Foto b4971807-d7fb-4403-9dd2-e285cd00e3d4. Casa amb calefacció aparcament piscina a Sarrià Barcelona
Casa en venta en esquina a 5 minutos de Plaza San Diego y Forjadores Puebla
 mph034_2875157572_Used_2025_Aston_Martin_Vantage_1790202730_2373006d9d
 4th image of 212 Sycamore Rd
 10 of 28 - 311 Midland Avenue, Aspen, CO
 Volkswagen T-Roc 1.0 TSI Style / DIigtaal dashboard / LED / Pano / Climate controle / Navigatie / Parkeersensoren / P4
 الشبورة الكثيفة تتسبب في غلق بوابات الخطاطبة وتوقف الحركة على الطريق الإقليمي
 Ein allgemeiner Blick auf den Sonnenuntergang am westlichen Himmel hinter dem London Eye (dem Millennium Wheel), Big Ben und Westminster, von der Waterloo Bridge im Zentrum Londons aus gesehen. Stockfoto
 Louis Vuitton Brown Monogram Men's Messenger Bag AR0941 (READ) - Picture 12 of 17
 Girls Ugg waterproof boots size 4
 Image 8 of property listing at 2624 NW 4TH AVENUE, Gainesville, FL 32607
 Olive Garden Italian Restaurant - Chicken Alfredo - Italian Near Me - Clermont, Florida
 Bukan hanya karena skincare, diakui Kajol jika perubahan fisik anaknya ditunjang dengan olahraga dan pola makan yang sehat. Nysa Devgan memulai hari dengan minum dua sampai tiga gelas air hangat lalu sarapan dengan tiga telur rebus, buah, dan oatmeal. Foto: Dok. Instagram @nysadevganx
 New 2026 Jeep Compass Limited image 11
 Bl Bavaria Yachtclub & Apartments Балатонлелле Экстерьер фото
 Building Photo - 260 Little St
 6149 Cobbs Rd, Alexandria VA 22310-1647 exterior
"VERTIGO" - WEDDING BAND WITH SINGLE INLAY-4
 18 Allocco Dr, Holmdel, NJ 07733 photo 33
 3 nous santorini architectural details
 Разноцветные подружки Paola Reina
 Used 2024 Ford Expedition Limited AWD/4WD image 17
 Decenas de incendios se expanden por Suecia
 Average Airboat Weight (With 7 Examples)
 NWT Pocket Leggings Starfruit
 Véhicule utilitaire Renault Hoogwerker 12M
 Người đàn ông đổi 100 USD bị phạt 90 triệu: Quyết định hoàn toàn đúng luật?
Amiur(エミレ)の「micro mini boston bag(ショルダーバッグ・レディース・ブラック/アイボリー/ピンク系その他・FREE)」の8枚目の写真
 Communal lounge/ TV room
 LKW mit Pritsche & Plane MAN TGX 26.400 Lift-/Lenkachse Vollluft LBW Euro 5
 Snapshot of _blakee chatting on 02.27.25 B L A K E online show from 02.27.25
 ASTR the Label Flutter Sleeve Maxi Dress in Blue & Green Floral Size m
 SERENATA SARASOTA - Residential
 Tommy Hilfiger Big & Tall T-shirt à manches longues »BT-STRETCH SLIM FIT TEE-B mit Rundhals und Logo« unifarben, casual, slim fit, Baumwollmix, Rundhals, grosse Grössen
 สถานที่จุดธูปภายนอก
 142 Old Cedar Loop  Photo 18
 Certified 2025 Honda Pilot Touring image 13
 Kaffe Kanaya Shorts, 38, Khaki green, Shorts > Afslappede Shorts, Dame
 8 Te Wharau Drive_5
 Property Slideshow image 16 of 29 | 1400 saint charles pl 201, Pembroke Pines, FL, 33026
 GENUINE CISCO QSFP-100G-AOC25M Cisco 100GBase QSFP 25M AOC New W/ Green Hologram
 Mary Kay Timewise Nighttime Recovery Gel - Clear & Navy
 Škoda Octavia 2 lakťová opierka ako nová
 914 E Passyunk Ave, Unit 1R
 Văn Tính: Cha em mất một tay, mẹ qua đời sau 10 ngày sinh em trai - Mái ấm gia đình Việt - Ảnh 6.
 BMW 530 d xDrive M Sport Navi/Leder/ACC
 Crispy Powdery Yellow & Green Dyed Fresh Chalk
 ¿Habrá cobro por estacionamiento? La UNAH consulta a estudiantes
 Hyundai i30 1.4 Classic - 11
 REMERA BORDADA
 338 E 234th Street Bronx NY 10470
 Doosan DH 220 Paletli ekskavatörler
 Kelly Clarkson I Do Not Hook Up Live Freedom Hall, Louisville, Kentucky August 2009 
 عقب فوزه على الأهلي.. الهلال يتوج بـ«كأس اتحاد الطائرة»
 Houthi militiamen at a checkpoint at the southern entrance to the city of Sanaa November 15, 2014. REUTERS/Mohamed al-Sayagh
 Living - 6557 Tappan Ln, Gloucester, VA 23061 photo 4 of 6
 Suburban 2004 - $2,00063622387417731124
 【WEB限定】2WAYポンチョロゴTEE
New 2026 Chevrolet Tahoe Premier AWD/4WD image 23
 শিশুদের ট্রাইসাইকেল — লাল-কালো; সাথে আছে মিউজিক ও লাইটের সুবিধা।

** The problem **
In the listing above, the line containing "Suburban 2004 - $2,00063622387417731124" and all lines after it are to be restated word for word.

** Response to the exercise **
 Suburban 2004 - $2,00063622387417731124
 【WEB限定】2WAYポンチョロゴTEE
New 2026 Chevrolet Tahoe Premier AWD/4WD image 23
 শিশুদের ট্রাইসাইকেল — লাল-কালো; সাথে আছে মিউজিক ও লাইটের সুবিধা।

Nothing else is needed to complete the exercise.